I was glad Toby was with me because without corroboration I doubt if the rest of the family would have believed me when I told them what I saw. At that point, our family was well settled into our little lakeside haven. Yet, in the 10 years we had lived there, no feral pigs had discovered our chunk of rural charm.
Since then, I’ve spotted wild hogs a few more times but never on our property. Most sightings took place along roads, especially along more isolated stretches of highway in the late afternoon.
However, in the past couple years, things have changed.
My neighbors mentioned seeing wild hogs, and I began to notice the distinctive footprints made by porcine creatures on trails around our property. Despite such evidence, I didn’t take it seriously. So there are wild pigs, I thought. What’s the big deal?
I soon found out.
“Ralph!” I bellowed, one morning as my husband entered the kitchen. “You’ve got to see what happened down by the lake!”
I was up early that morning, drawn outside to admire the dawn skyscape — beautiful colors reflected in the lake’s still water. All was lovely and serene until I looked at the ground along the shoreline.

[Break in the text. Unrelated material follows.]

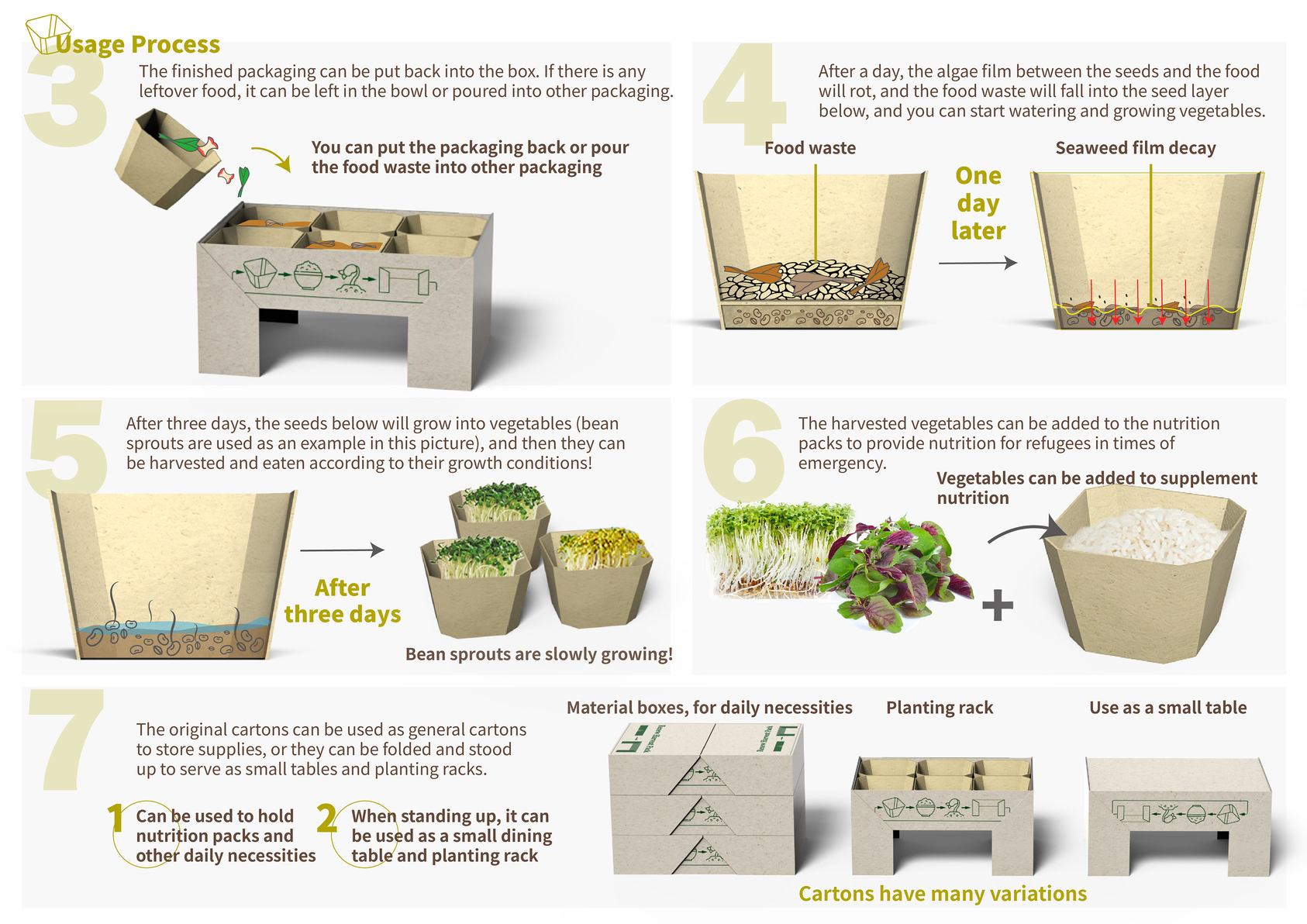 豆芽種植營養物資套組-4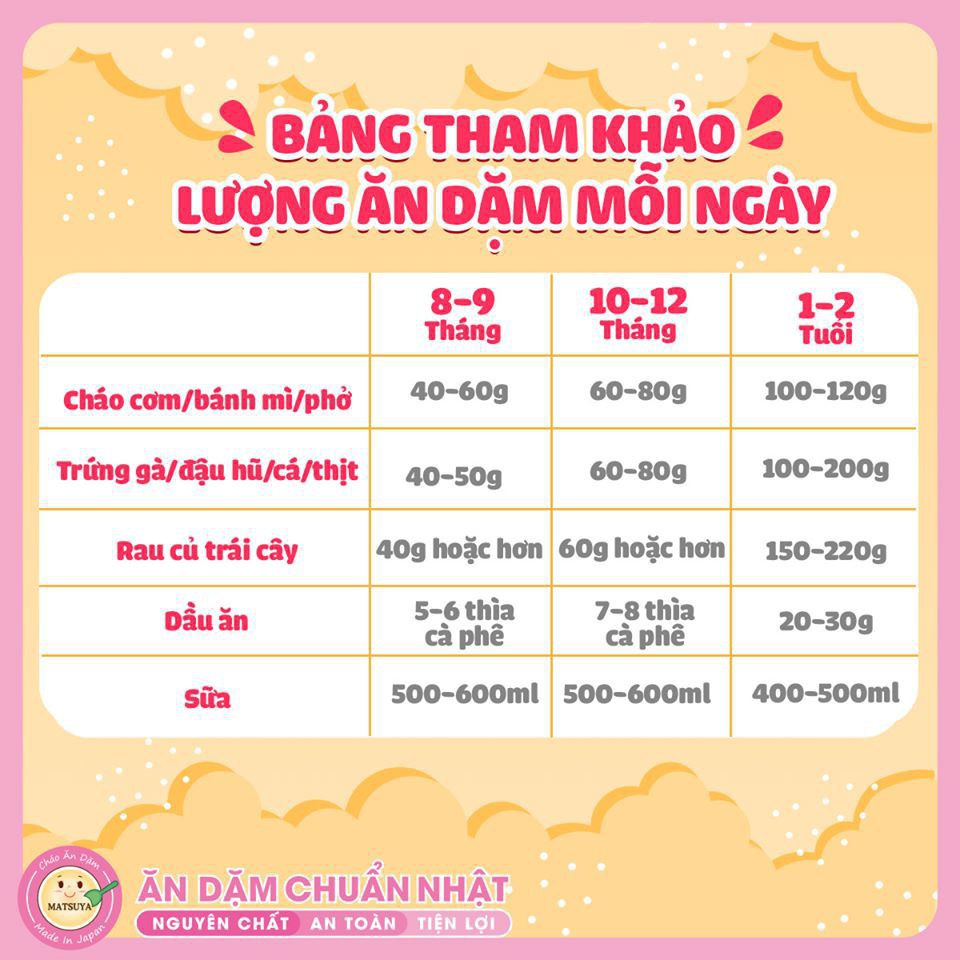 [ Tặng 1 xe đồ chơi ] Combo 4 Gói Cháo Gạo Koshihikari Ăn Dặm Matsuya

Calling it “ground” might be inaccurate. It used to be ground — a green expanse of wildflowers, weeds and tall grasses that abutted the water. Now, “mudbath” would be a more accurate description. An approximately 75-foot by 8-foot stretch of once-green lawn was transformed into a lumpy length of black glop. The snouts and wallowing bodies of wildlife had found our property. They had dug into their discovery with abandon, leaving no sod unturned.
Was I excited by this sighting? Not exactly. I was more puzzled than anything. Considering what a mess they made, at least a dozen wild hogs must have been digging in the dirt just 30 feet or so away from our house. How could I possibly have missed seeing — or at least hearing — such a mammoth explosion of feral tomfoolery?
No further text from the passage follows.